To confirm the increased level of fibrosis lesions in liver-specific sLZIP knockout mice, albumin Cre mice designed to express the liver-specific Cre gene and mice with a floxed sLZIP gene in which the LoxP gene, which can be recognized and removed by the Cre gene, were used. A liver-specific heterozygous mouse with sLZIP knocked out was created by crossing . In the liver of mice prepared in this way, the mRNA expression of sLZIP was seen to be reduced by about half, and the mRNA expression of PAI-1 was accordingly increased by about 1.5 times (Figure 6).

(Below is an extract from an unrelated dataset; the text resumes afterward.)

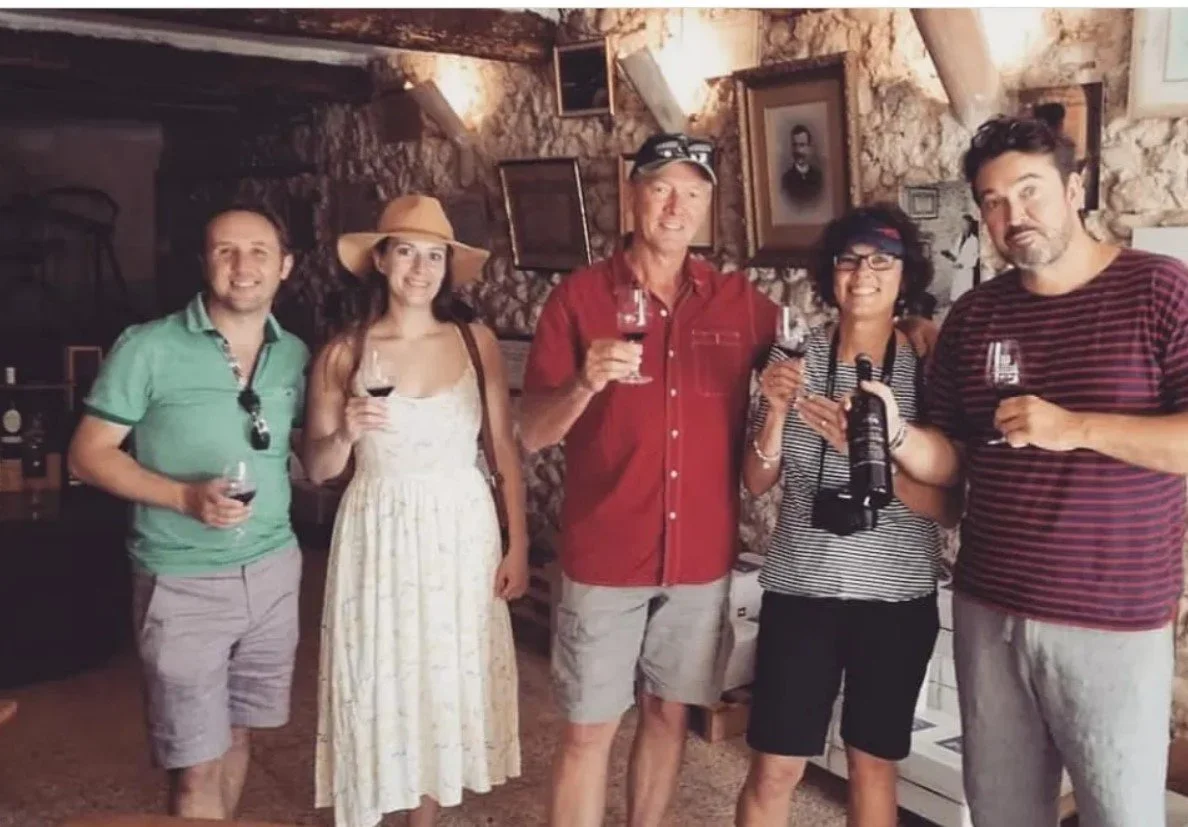 small private group during a wine tour in carcassonne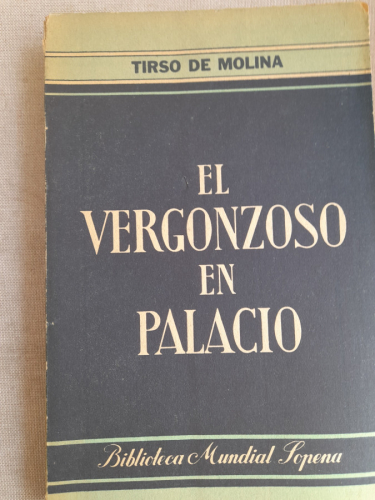 Portada del libro de El vergonzoso en palacio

<Experimental Example 5> Increased fibrotic lesions in liver-specific sLZIP KO mice

Liver-specific sLZIP heterozygous KD mice were subjected to bile duct ligation to induce liver fibrosis. Four days after BDL, the patient was opened and perfused through the portal vein to remove blood from the liver. The liver was removed and fixed. Afterwards, H&E staining to confirm the shape of the fixed liver tissue and Sirius red staining to confirm liver fibrosis were performed. As a result, liver fibrosis was much more advanced in sLZIP KD mice than in wild-type mice (FIG. 7).

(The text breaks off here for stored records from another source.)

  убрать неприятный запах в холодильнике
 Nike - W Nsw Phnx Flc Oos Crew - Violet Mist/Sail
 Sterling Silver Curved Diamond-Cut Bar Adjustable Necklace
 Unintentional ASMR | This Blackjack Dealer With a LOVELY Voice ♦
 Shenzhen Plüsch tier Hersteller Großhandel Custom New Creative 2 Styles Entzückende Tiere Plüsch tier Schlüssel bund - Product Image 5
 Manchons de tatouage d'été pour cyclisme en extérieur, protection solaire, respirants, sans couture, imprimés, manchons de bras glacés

Therefore, the present invention reveals that sLZIP is a new regulatory substance that affects liver fibrosis and liver cirrhosis by negatively regulating PAI-1.

Sequence list electronic file attached

Claims (8)

An agent for measuring the expression level of the mRNA or protein of the gene coding for human small leucine-zipper protein; and
A composition for diagnosing liver fibrosis, comprising an agent for measuring the expression level of the mRNA or protein of the gene encoding plasminogen activator inhibitor-1.
delete According to paragraph 1,
A composition for diagnosing liver fibrosis, wherein the agent for measuring the expression level of mRNA of the gene is a primer pair, probe, or antisense oligonucleotide that specifically binds to the gene.
According to paragraph 1,
A composition for diagnosing liver fibrosis, wherein the agent for measuring the expression level of the protein includes an antibody that specifically binds to the protein.
A kit for diagnosing liver fibrosis comprising the composition according to claim 1.
Expression levels of mRNA or protein of the coding gene for human small leucine-zipper protein and plasminogen activator inhibitor-1 in biological samples isolated from subjects suspected of having liver fibrosis Measuring the expression level of the mRNA of the coding gene or its protein; and
In the biological sample measured in the above step, if the expression level of the mRNA or protein thereof of human small leucine zipper protein is low compared to the normal control sample and the expression level of the mRNA or protein thereof of plasminogen activator inhibitor 1 is high, liver fibrosis occurs. A method of providing information for diagnosing liver fibrosis, comprising the step of determining.
delete According to clause 6,
The method of claim 1, wherein the biological sample is blood, hepatocytes, or liver tissue.